Indianmandarins has learnt that a detailed report on the merger of three Central PSUs Metals and Minerals Trading Corporation of India (MMTC), State Trading Corporation (STC India Ltd) & Project & Equipment Corporation of India Ltd (PEC), that fall under the administrative control of Department of Commerce, may be submitted by 30th June. Reportedly, Crisil is doing a study on merger options and methodology of these PSUs. The PSUs and the Ministry have already started aligning their operations to meet the end goal which may be supported by the fact that State Trading Corporation of India Ltd (STC), has stopped all payments except salary to its employees citing its "prevailing financial position."

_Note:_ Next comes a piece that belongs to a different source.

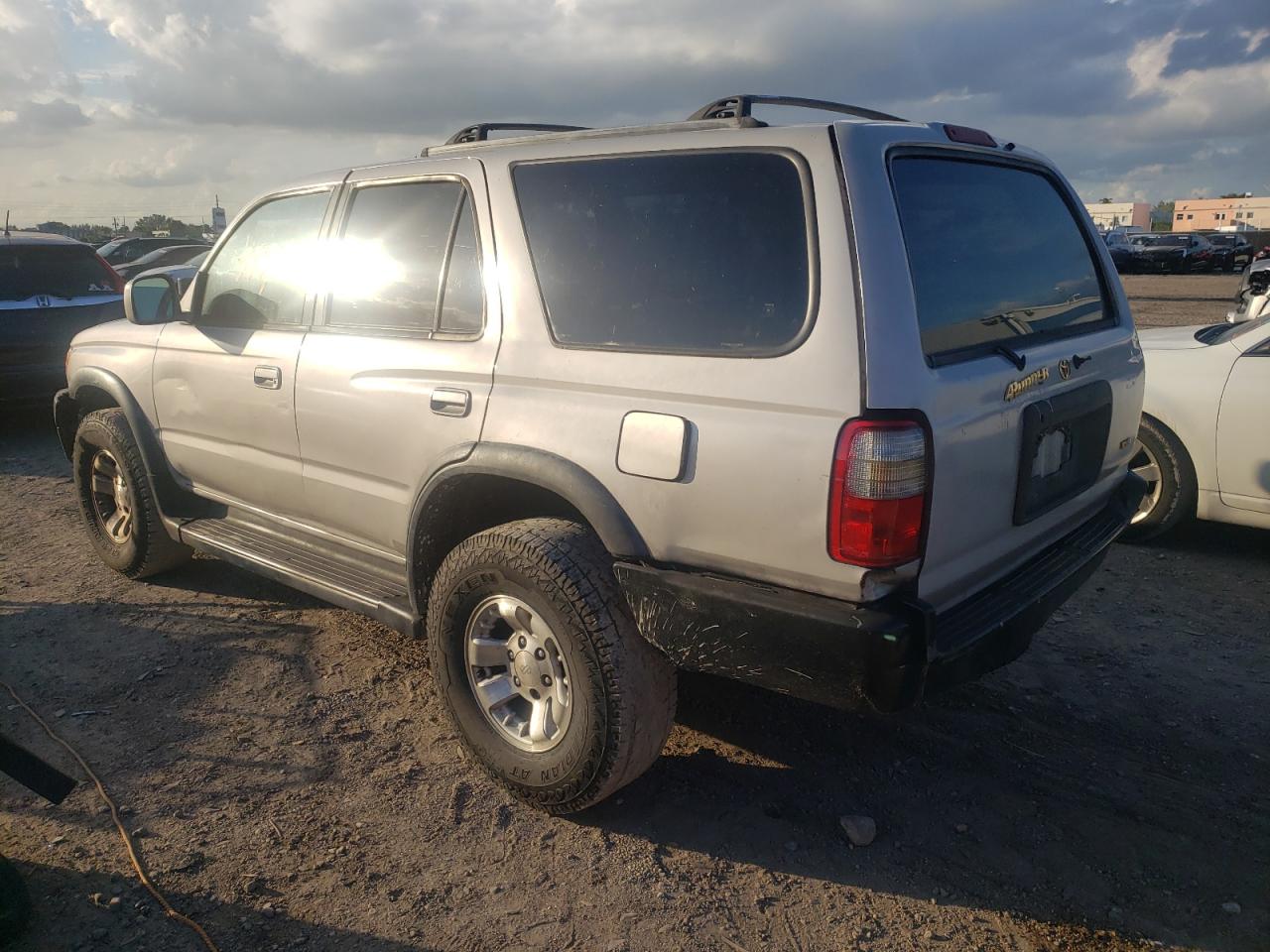 Photo 1 VIN: JT3GN86R6Y0156600 - TOYOTA 4RUNNER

In fact, the Dept of Commerce had recently sought to keep itself away from certain non-core areas including administrative control over Public Sector Undertakings such as MMTC, STC, and PEC so that it could focus more on 'core focus areas' such as trade negotiations and foreign trade policy formulation.
As reported earlier by Indianmandarins, the Commerce Ministry has been considering a proposal to merge commodity boards and set up an umbrella organization to improve production and exports of plantation crops like tea, coffee, rubber, tobacco, and spices.
The merger of similarly placed CPSEs and their restructuring and strategic disinvestment are top on the NaMo Govt's priority list to streamline the business activities for better performance.
CCEA, in its meeting held on 14th February 2016, had approved the proposal pertaining to the procedure and mechanism for strategic disinvestment of CPSEs classified as 'high priority' and 'low priority' on the basis of their functions relating to national security or otherwise. The above-mentioned three CPSEs fall under a 'low priority' category and are all set to be merged with similarly placed CPSEs.
The government is said to have broadly devised four methods of strategic disinvestment of Central Public Sector Enterprises which is being implemented in a phased manner. The Commerce Ministry's move to merge MMTC, STC and PEC appear to be the part of this decision.
Earlier in February, the Government announced its plans to exit its holding in three PSUs - Bharat Pumps & Compressors, Bridge & Roof Co, and Hindustan Fluorocarbons - by selling its stake to strategic buyers.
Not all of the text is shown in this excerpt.